Outcome 2 (Infrastructure and tooling)
Contributors, tool developers and partner organizations can understand and accelerate the referencing and linking of knowledge statements to external sources, catalogs, metadata providers, and content repositories.
Outcome 3 (Access and preservation)
Resources cited across Wikimedia projects are accessible to readers in perpetuity, thanks to technical partnerships securing their preservation and digitization.
Outcome 4 (Outreach)
More knowledge professionals and other contributors are motivated to join the effort to build  an open citation ecosystem, and are more able to actively improve the structure, quantity, and quality of citations on Wikimedia projects.
Outcome 5 (Awareness)
The public has increased awareness and understanding of the processes Wikimedians follow to verify and fact-check information, and on the benefits of open, auditable, linked information ecosystems.

CDP Targets[edit]

Outcome 1 (Research) Target 1 Measurement method
Wikimedia contributors are better able to focus and prioritize their sourcing efforts and Product teams can build the best user experiences to support readers’ learning goals and their digital literacy. Output 1 & 2

A study on the state of sourcing and verifiability of Wikimedia projects is delivered.

Output 1 & 2

Availability of the study.

Outcome 2 (Infrastructure & tooling) Target 2 Measurement method
Contributors, tool developers and partner organizations can understand accelerate the referencing and linking of knowledge statements to external sources, catalogs, metadata providers, and content repositories. Output 3

An event stream tracking the creation and modification of external links and references across Wikimedia projects is delivered.

Output 3

Availability of the service.

Output 4

A study on the impact of algorithmic methods on citation gaps is delivered.

Output 4

Availability of the study.

Output 5 & 11

End-to-end integration of Citoid in Wikidata.

Output 5 & 11

The integration is completed.

Outcome 3 Target 3 Measurement method
Resources cited across Wikimedia projects are accessible to readers in perpetuity, thanks to technical partnerships securing their preservation and digitization. Output 7

Compared to last year, archive links from all Wikipedia languages.

Reduce the time between link creation and link archiving to less than 1 minute.

Increase by 50% the volume of links recovered in Wikipedia outside of the English language edition.

Output 7

Currently, link archiving via InternetArchiveBot is active only on 12 projects.

We’ll measure the lag by using the new event stream.

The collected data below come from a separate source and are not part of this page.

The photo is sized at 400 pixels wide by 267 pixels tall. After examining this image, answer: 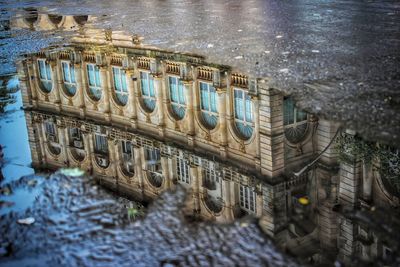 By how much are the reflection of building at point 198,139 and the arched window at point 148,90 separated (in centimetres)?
3

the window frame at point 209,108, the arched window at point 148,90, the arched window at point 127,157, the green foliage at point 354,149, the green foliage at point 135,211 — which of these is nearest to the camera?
the green foliage at point 135,211

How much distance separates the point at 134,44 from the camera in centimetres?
1689

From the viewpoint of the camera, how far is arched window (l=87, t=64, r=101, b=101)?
14.2 m

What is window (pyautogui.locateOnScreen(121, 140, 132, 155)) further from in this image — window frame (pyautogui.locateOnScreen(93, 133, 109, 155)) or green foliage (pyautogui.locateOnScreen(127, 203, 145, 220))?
green foliage (pyautogui.locateOnScreen(127, 203, 145, 220))

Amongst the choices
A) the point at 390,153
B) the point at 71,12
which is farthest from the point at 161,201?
the point at 71,12

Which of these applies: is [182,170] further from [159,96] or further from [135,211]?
[159,96]

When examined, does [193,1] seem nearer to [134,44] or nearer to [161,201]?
[134,44]

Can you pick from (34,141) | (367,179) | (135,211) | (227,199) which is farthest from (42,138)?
(367,179)

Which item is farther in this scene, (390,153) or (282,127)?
(282,127)

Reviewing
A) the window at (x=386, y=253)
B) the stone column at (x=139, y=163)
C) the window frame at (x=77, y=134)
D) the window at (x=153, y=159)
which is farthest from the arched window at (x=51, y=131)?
the window at (x=386, y=253)

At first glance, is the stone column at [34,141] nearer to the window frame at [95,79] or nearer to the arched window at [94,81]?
the arched window at [94,81]

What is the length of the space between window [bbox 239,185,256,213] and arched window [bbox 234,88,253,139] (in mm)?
3820

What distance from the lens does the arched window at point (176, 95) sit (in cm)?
1297

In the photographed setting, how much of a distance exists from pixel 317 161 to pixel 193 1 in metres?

Links recovered to date by language are:

als, 935

bar, 6,588

ckb, 1,359

en, 2,776,866

es, 129,276

it, 107,646

nl, 86,559

no, 139,735

ru, 173,380

species, 31,766

sv, 201,660

zh, 325,676

Outcome 4 Target 4 Measurement method
More knowledge professionals and other contributors are motivated to join the effort to build an open citation ecosystem, and are more able to actively improve the structure, quantity, and quality of citations on Wikimedia projects. Output 6 & 8

Increase attendance of WikiCite outreach through satellite events by 50% over the current participation baseline.

Output 6 & 8

Historical attendance statistics.

Output 9

#1Lib1Ref increases number of edits from librarians by 50%;, number of editors by 25%;  5 more languages participate and are tracked. OAbot raises the number of links added and increases unique participants by 50%; 2 non-English Wikipedias participate.

Output 9

Using the #Hashtag Tools data dump to analyze #1Lib1Ref participants and contributions vs. last year; doing the same with #OAbot’s internal data.

Outcome 5 Target 5 Measurement method
The public has increased awareness and understanding of the processes Wikimedians follow to verify and fact-check information, and of the benefits of open, auditable, linked information ecosystems.   Output 10

10,000 people read or receive blogs, tweets, or presentations about Knowledge Integrity, Wikipedia’s reliability, citation infrastructure, and fact-checking power. 4 high-profile press stories drawing from Knowledge Integrity narratives

Output 10

WMF Blog, Medium.com, and Twitter.com stats; conference attendance numbers. Press coverage.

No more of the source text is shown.